» **MATERIAL TO PROCESS**
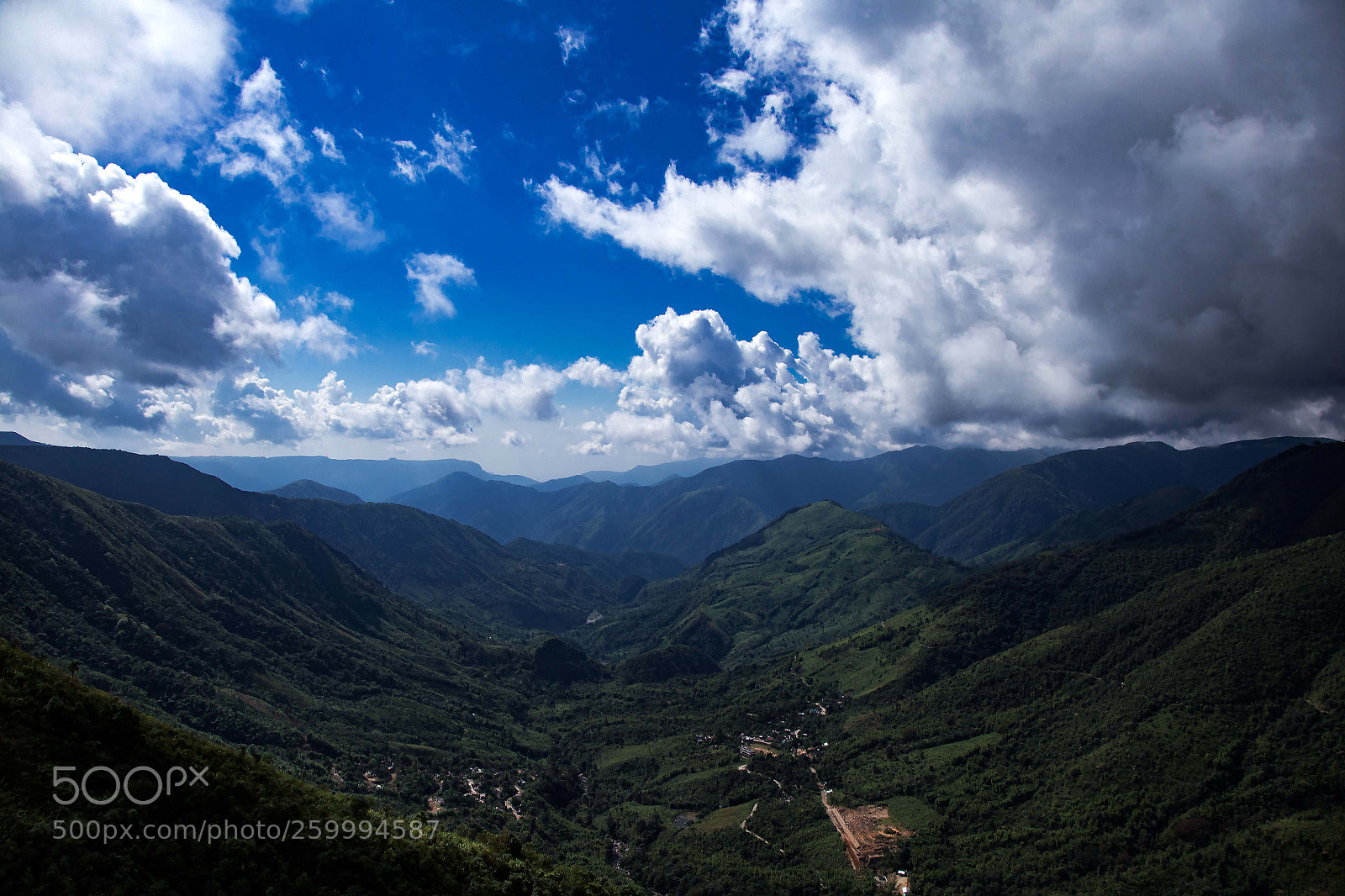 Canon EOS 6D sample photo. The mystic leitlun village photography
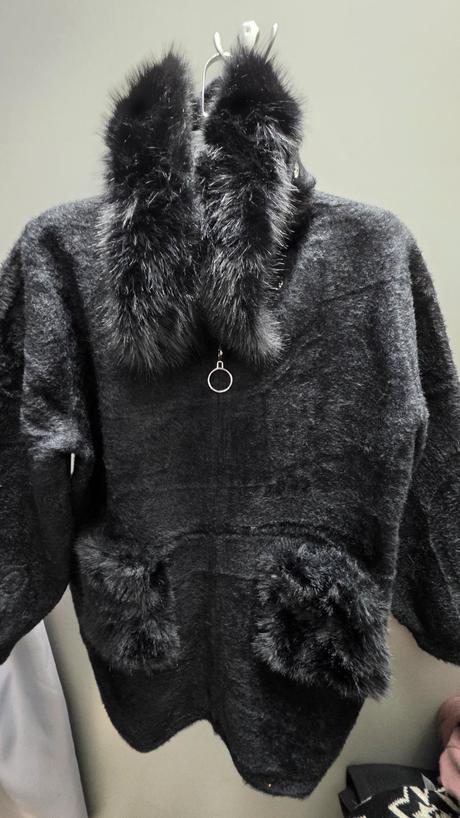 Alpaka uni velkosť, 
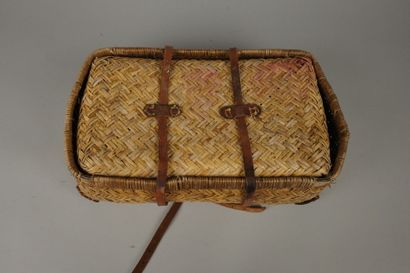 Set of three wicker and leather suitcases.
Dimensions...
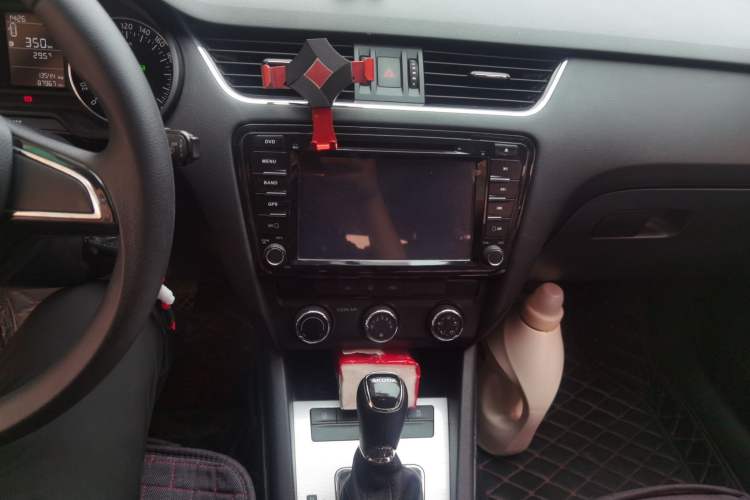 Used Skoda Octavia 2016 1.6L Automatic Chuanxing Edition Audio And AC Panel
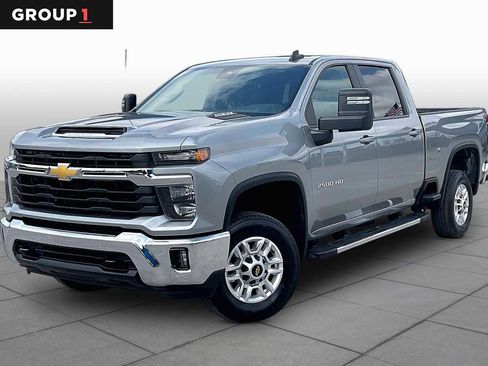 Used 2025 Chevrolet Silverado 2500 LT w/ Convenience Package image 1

» **EXERCISE DESCRIPTION**
Pictures stay out; the data above is to be returned exactly.

» **ANSWER FOR THE TASK**
 Canon EOS 6D sample photo. The mystic leitlun village photography
 Alpaka uni velkosť, 
 Set of three wicker and leather suitcases.
Dimensions...
 Used Skoda Octavia 2016 1.6L Automatic Chuanxing Edition Audio And AC Panel
 Used 2025 Chevrolet Silverado 2500 LT w/ Convenience Package image 1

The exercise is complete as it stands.